INSTRUCTIONS FOR THE TASK:
Each line of the data must be written out again verbatim; no image belongs in the copy.

(Captioned web image data)
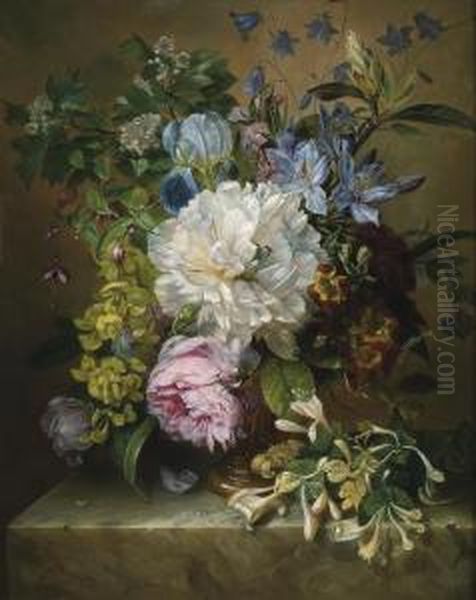 Summer Flowers On A Marble Ledge Oil Painting by Adriana-Johanna Haanen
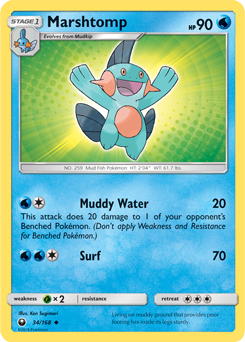 Uncommon Pokémon card Marshtomp 34/168 from Celestial Storm expansion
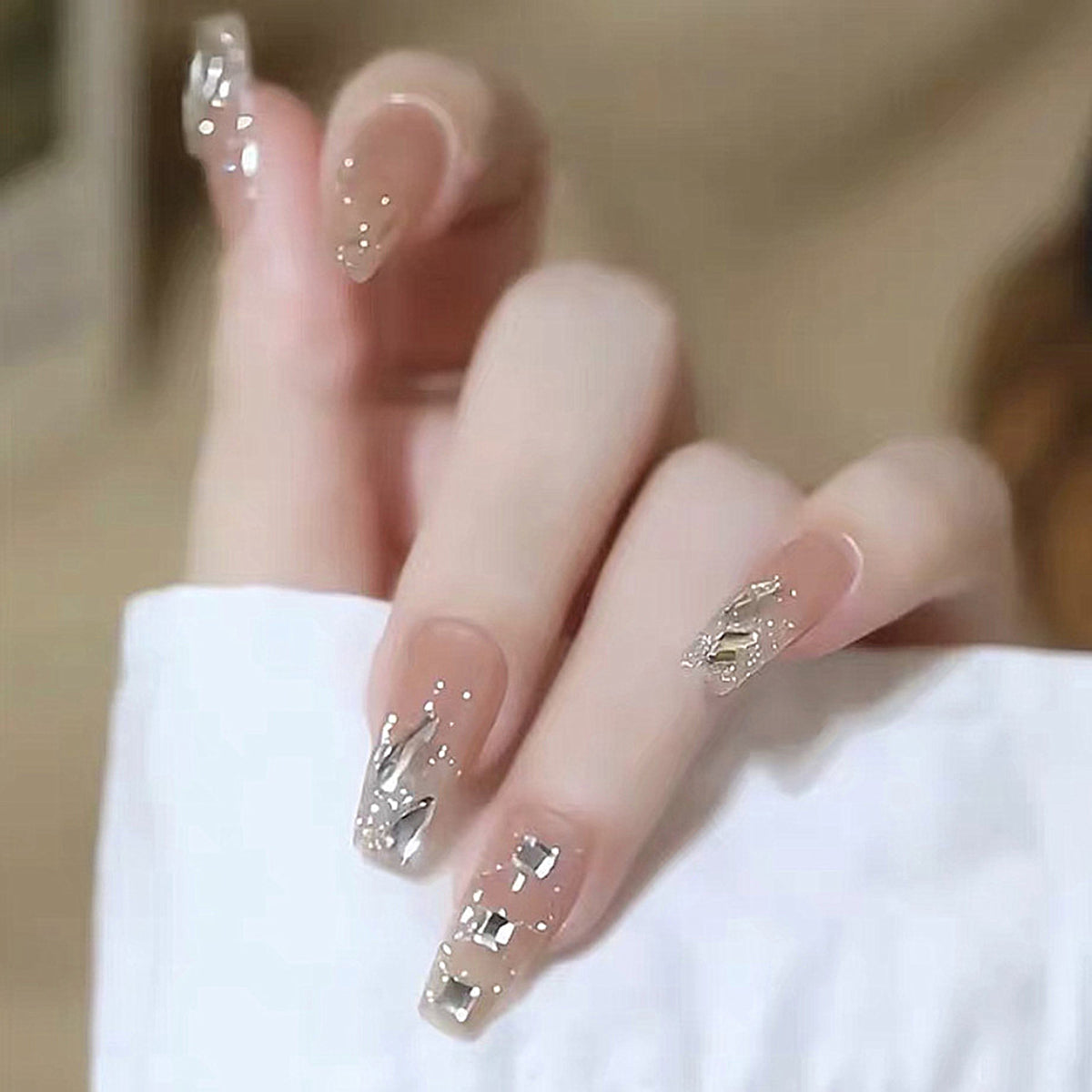 YICKYUE  -  24pcs Long Ballet Coffin Wearable Dark Black Star French False Nails Full Cover Rhinestones Fake Nails Set Press On Nail Tips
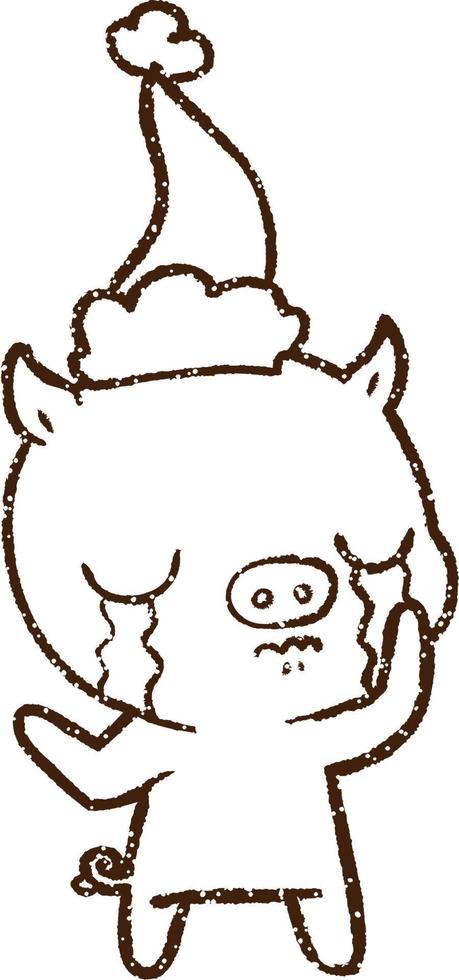desenho a carvão de porco de natal vetor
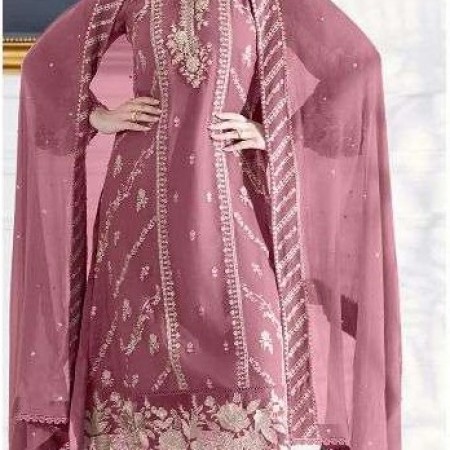 Embroidered Indian Chiffon Georgette Suit Collection Unstitched 4 Piece (HRB04)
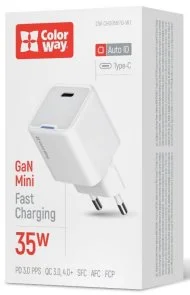Фото: Зарядний пристрій ColorWay GaN Mini PD 35W White (CW-CHS056PD-WT) № 6 | KTC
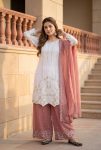 DESIGNER GEORGETTE EMBROIDERY SEQUENCE WORK WITH PERAL MOTI HAND WORK TOP PALAZZO WITH DUPATTA FESTIVE WEAR WHOLESALE PRICE ETHNIC GARMENT (9)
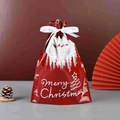 Red Christmas drawstring gift bag featuring white reindeer silhouettes and ribbon - 28*42cm Christmas Eve Atmosphere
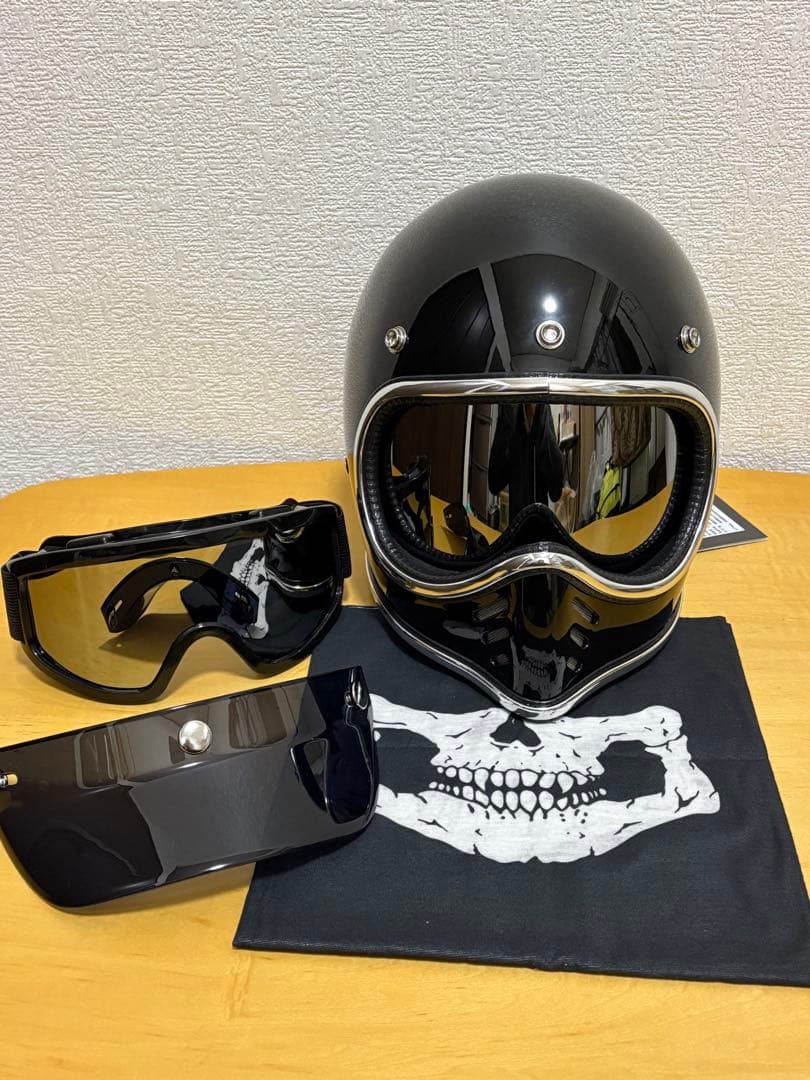 新品XLサイズ！ ブラックヘルメット4点セット　MTX オーシャンビートルタイプ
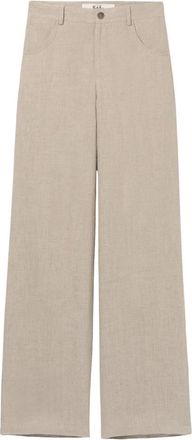 S&eacute;fr Arno Trouser - Heren - Wijde Broeken - Beige - XL - Linnen - Broeken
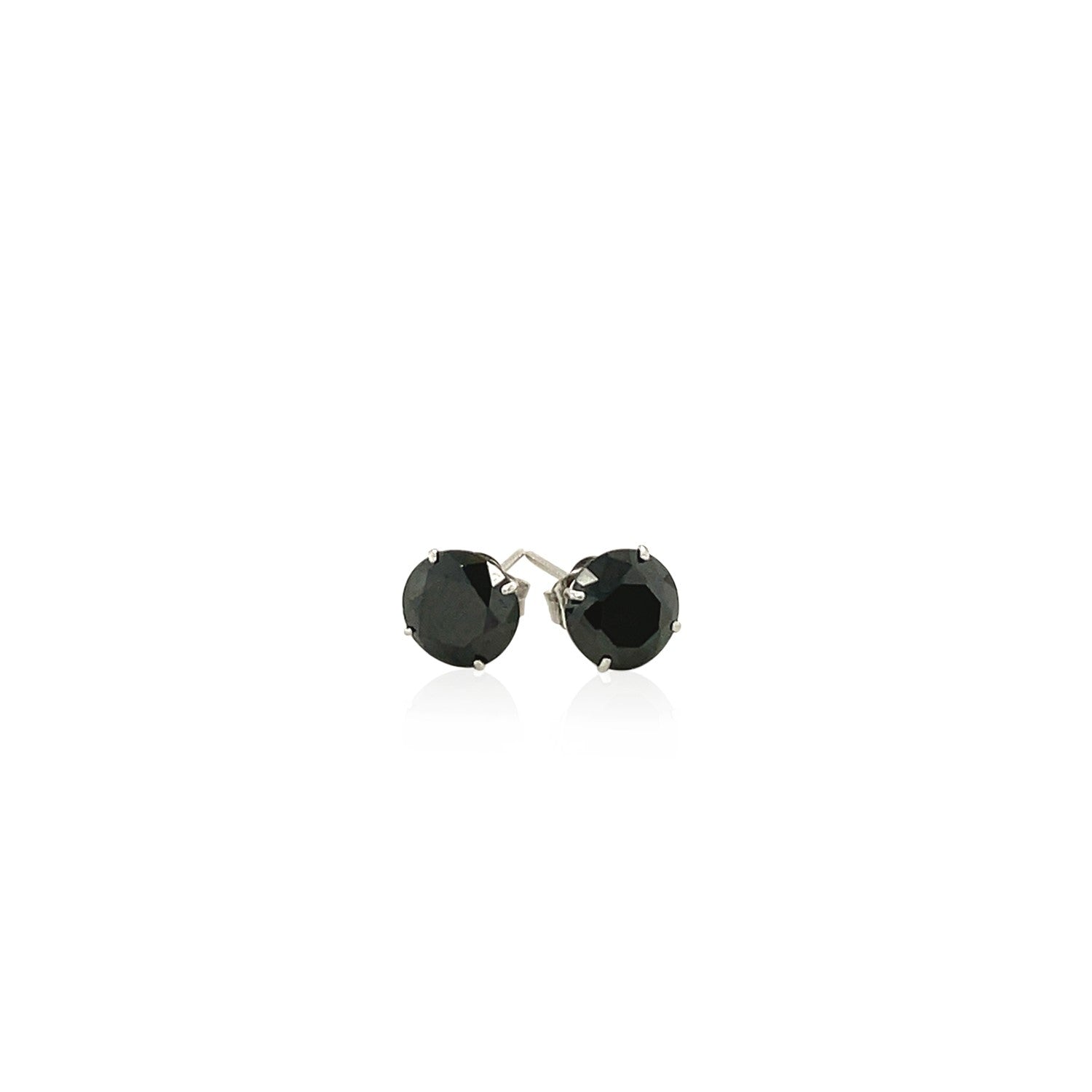 14k White Gold Stud Earrings with Black 6mm Faceted Cubic Zirconia-1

SOLUTION FOR THIS PROBLEM:
 Summer Flowers On A Marble Ledge Oil Painting by Adriana-Johanna Haanen
 Uncommon Pokémon card Marshtomp 34/168 from Celestial Storm expansion
 YICKYUE  -  24pcs Long Ballet Coffin Wearable Dark Black Star French False Nails Full Cover Rhinestones Fake Nails Set Press On Nail Tips
desenho a carvão de porco de natal vetor
 Embroidered Indian Chiffon Georgette Suit Collection Unstitched 4 Piece (HRB04)
Фото: Зарядний пристрій ColorWay GaN Mini PD 35W White (CW-CHS056PD-WT) № 6 | KTC
 DESIGNER GEORGETTE EMBROIDERY SEQUENCE WORK WITH PERAL MOTI HAND WORK TOP PALAZZO WITH DUPATTA FESTIVE WEAR WHOLESALE PRICE ETHNIC GARMENT (9)
 Red Christmas drawstring gift bag featuring white reindeer silhouettes and ribbon - 28*42cm Christmas Eve Atmosphere
 新品XLサイズ！ ブラックヘルメット4点セット　MTX オーシャンビートルタイプ
 S&eacute;fr Arno Trouser - Heren - Wijde Broeken - Beige - XL - Linnen - Broeken
 14k White Gold Stud Earrings with Black 6mm Faceted Cubic Zirconia-1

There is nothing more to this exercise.